### WORK INSTRUCTION
Leave out the images and set down the records below exactly.

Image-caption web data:
"""
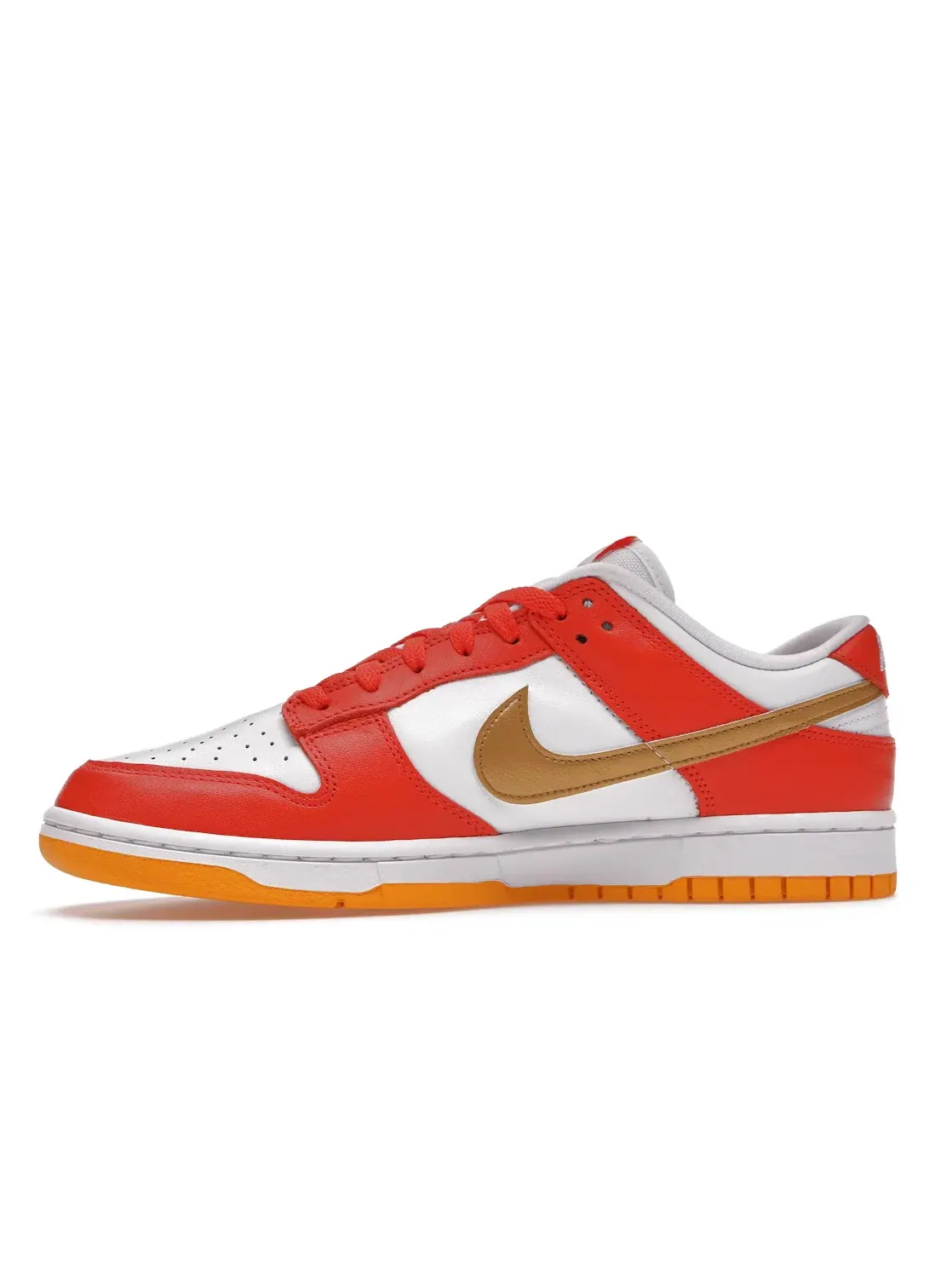 Женские кроссовки Lifestyle с оранжевыми накладками Nike Dunk Low — изображение 3 из 4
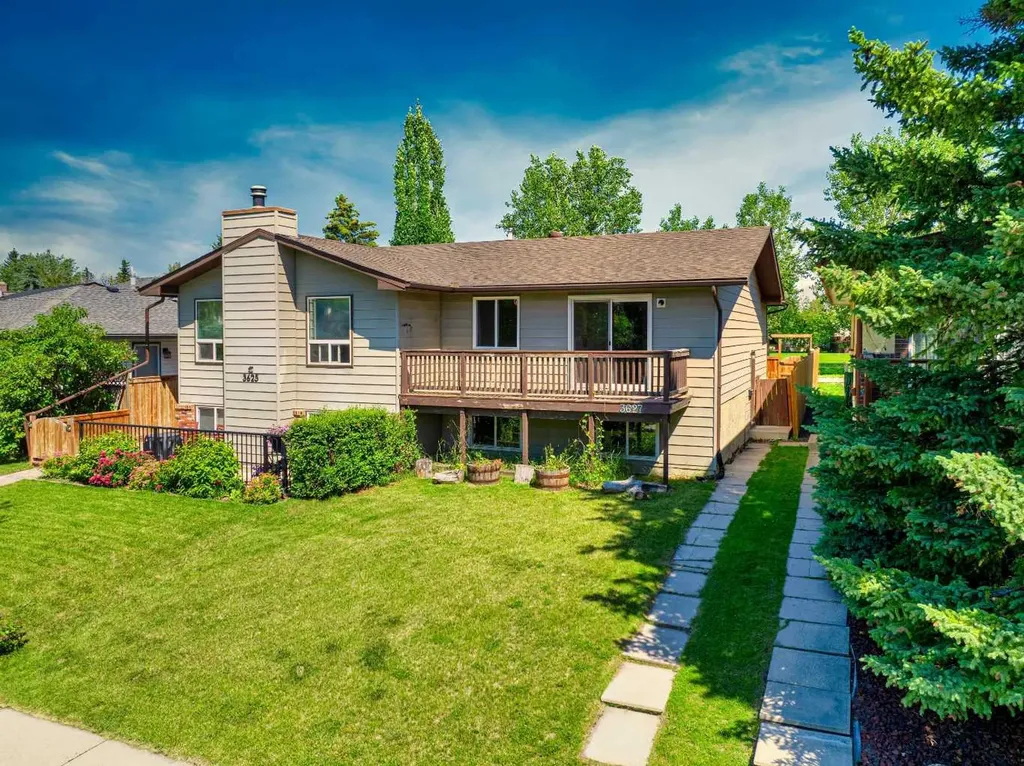 3627 Cedarille Drive SW Calgary AB T2W 3J5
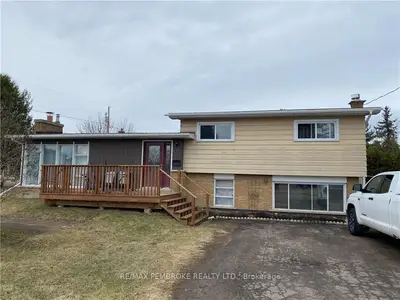 656 LEACH Street, Laurentian Valley, ON K8A 5B8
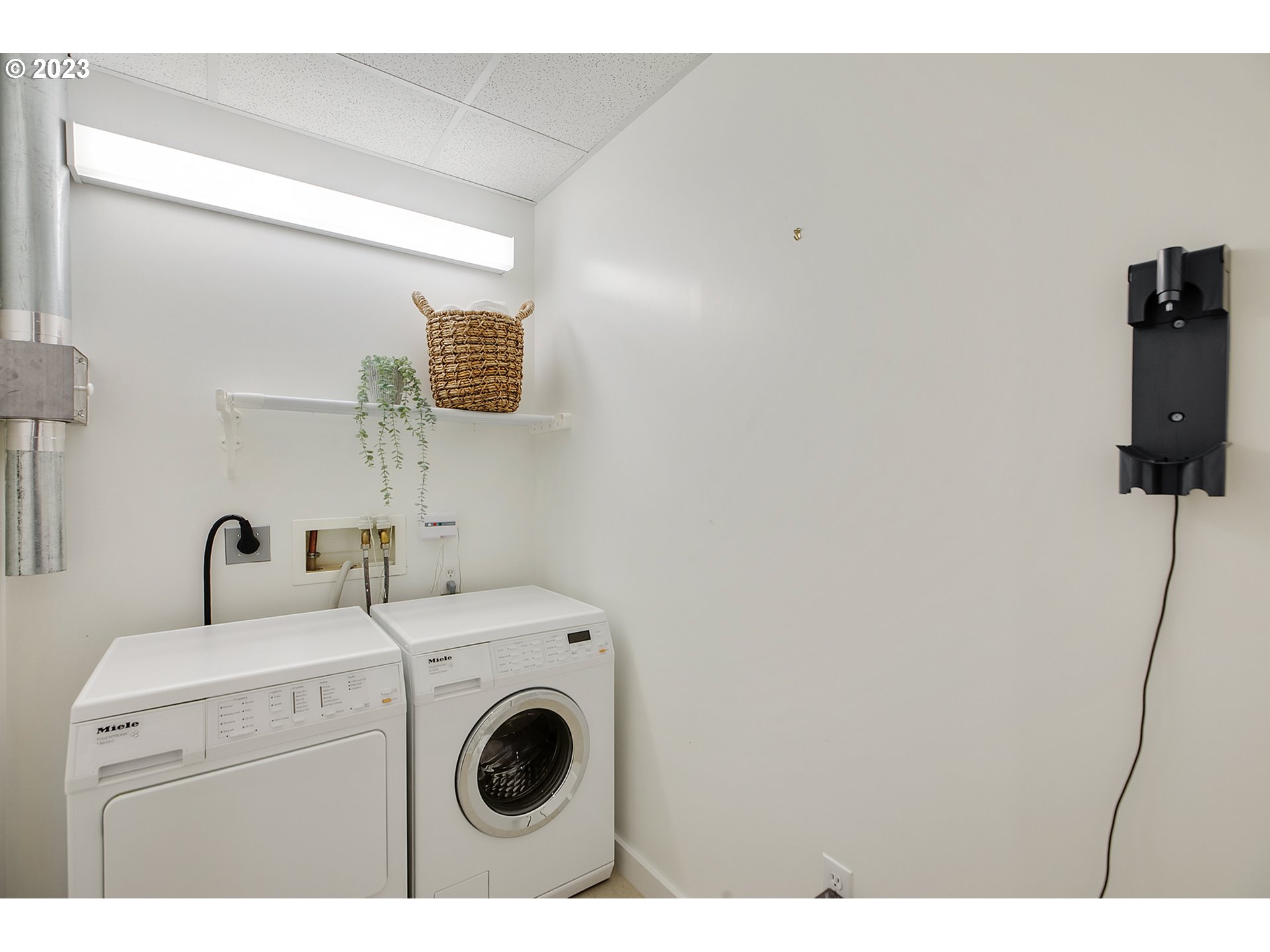 1900 S River Dr N101 Property Photo 14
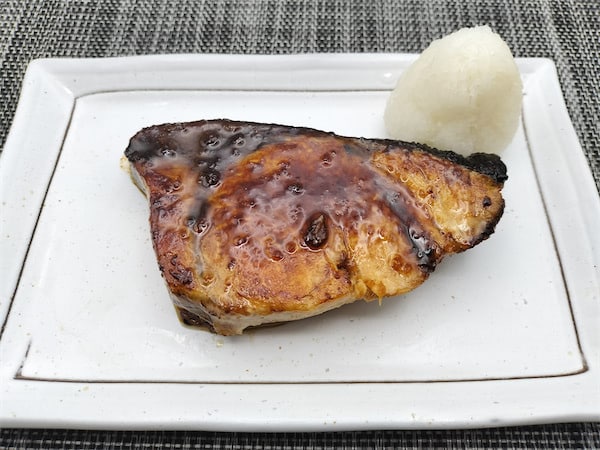 【伝説の料理人ふーみんママの魚料理】え、ただの焼いたぶり!?中華だからオイスターソース焼きなのよ♡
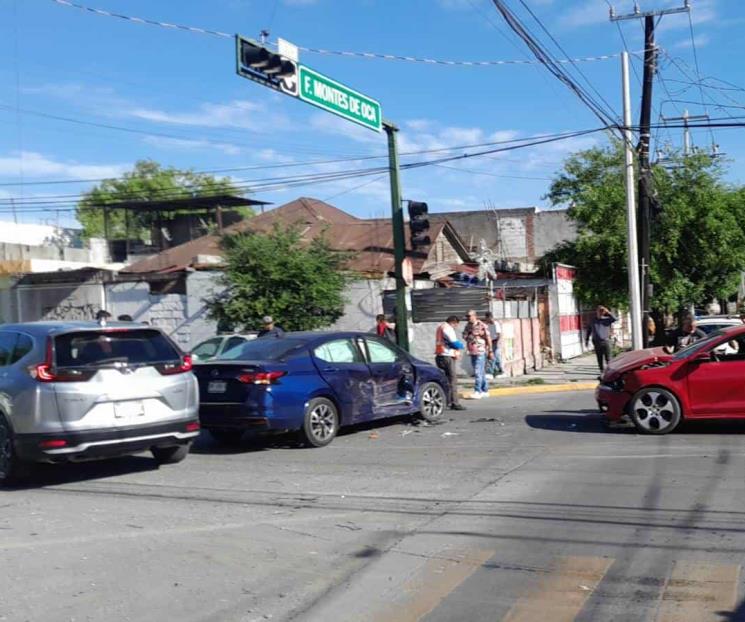 Deja ‘carambola’ una mujer lesionada en Monterrey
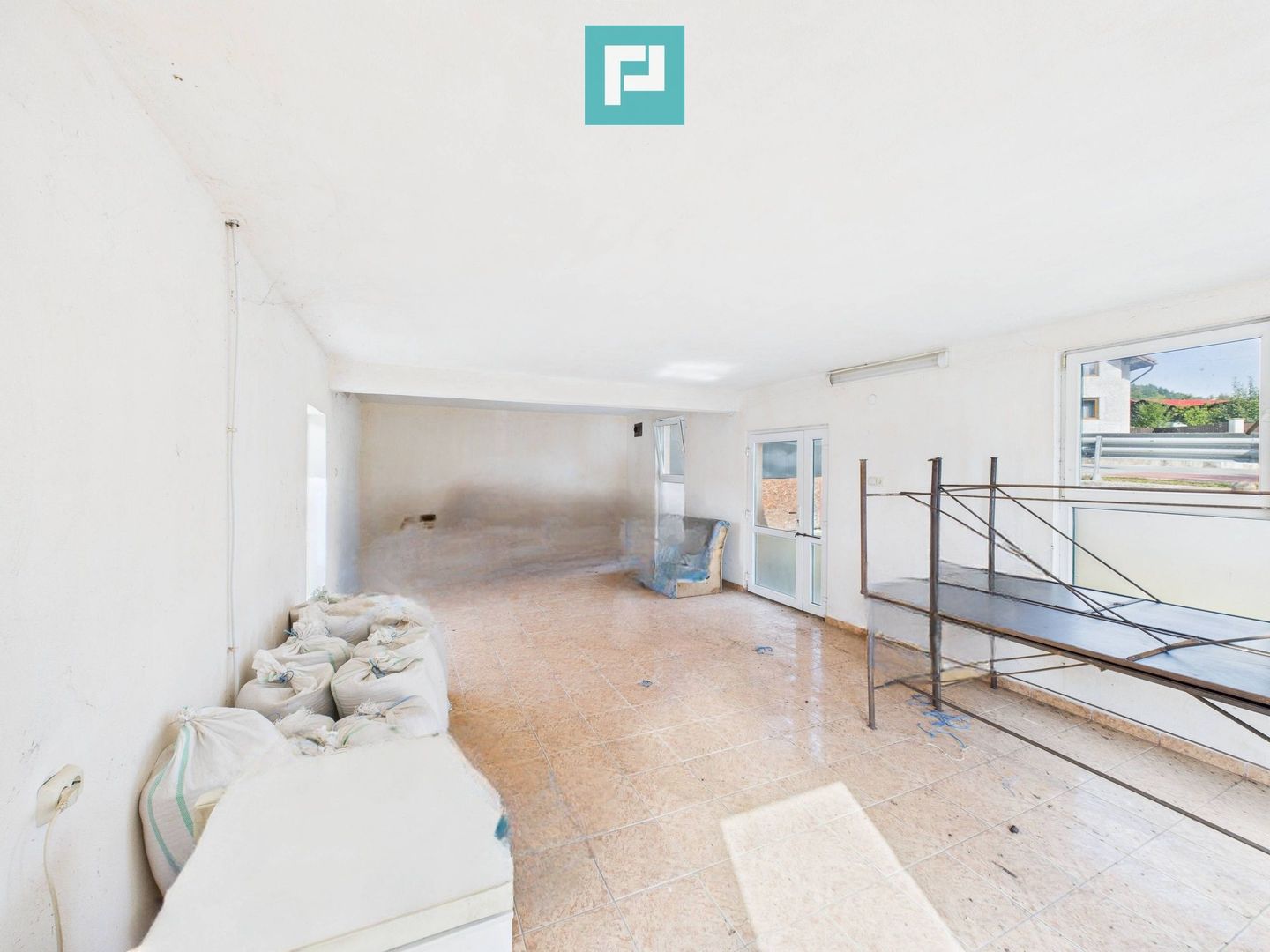 Casă și centru comercial, în localitatea Lazuri - Poză 2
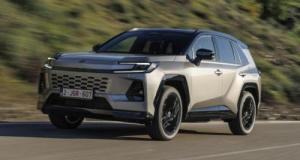 Le Toyota RAV4 hybride rechargeable arrive au catalogue, et on connaît son prix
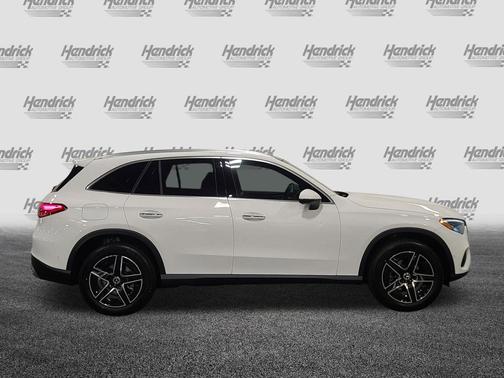 Polar White 2026 Mercedes-Benz GLC 300 Base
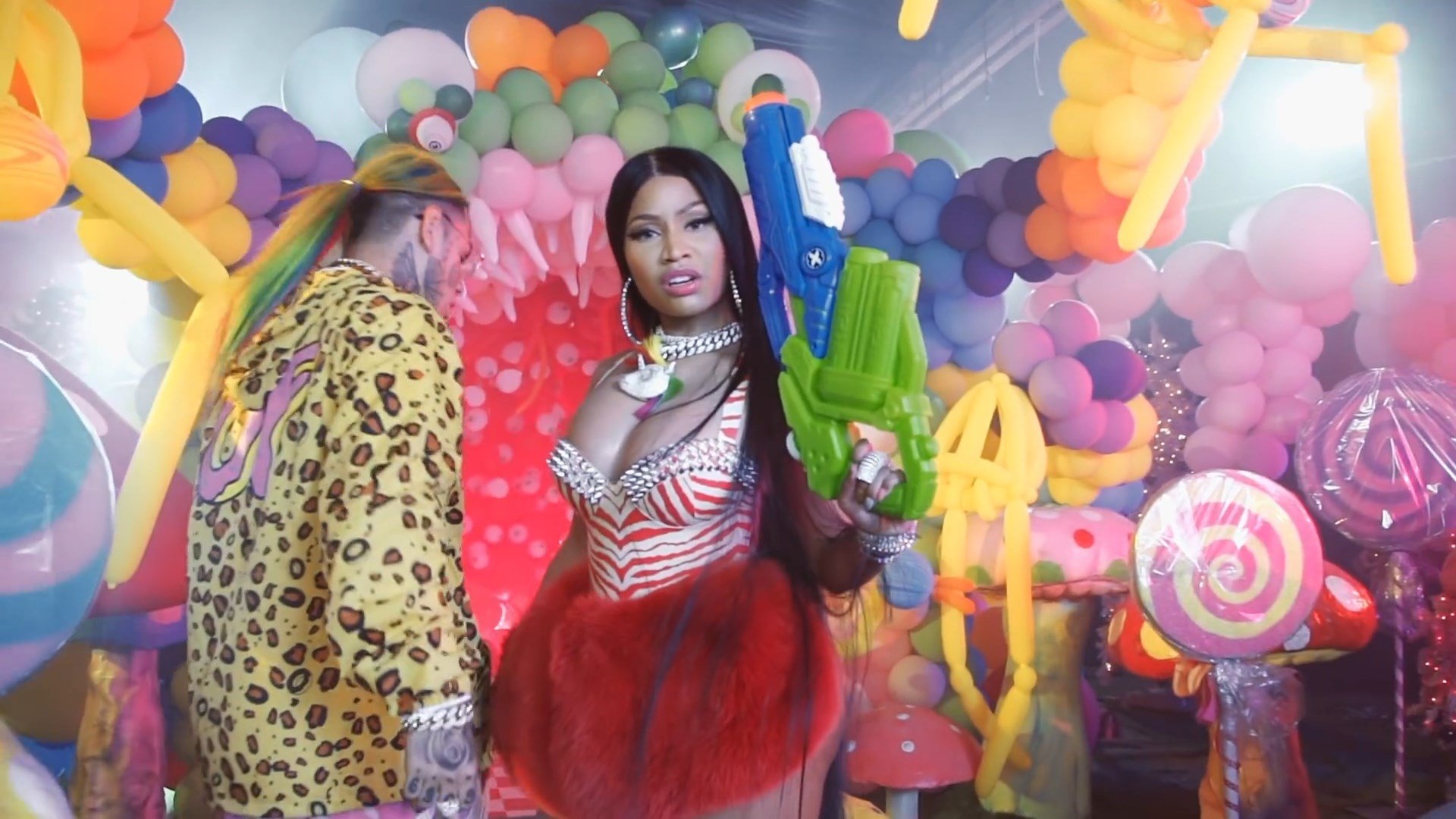 Nicki Minaj Sexy - FEFE (54 Pics + GIFs & Video)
"""
### RESPONSE TO THE EXERCISE
 Женские кроссовки Lifestyle с оранжевыми накладками Nike Dunk Low — изображение 3 из 4
 3627 Cedarille Drive SW Calgary AB T2W 3J5
 656 LEACH Street, Laurentian Valley, ON K8A 5B8
 1900 S River Dr N101 Property Photo 14
 【伝説の料理人ふーみんママの魚料理】え、ただの焼いたぶり!?中華だからオイスターソース焼きなのよ♡
 Deja ‘carambola’ una mujer lesionada en Monterrey
 Casă și centru comercial, în localitatea Lazuri - Poză 2
 Le Toyota RAV4 hybride rechargeable arrive au catalogue, et on connaît son prix
 Polar White 2026 Mercedes-Benz GLC 300 Base
 Nicki Minaj Sexy - FEFE (54 Pics + GIFs & Video)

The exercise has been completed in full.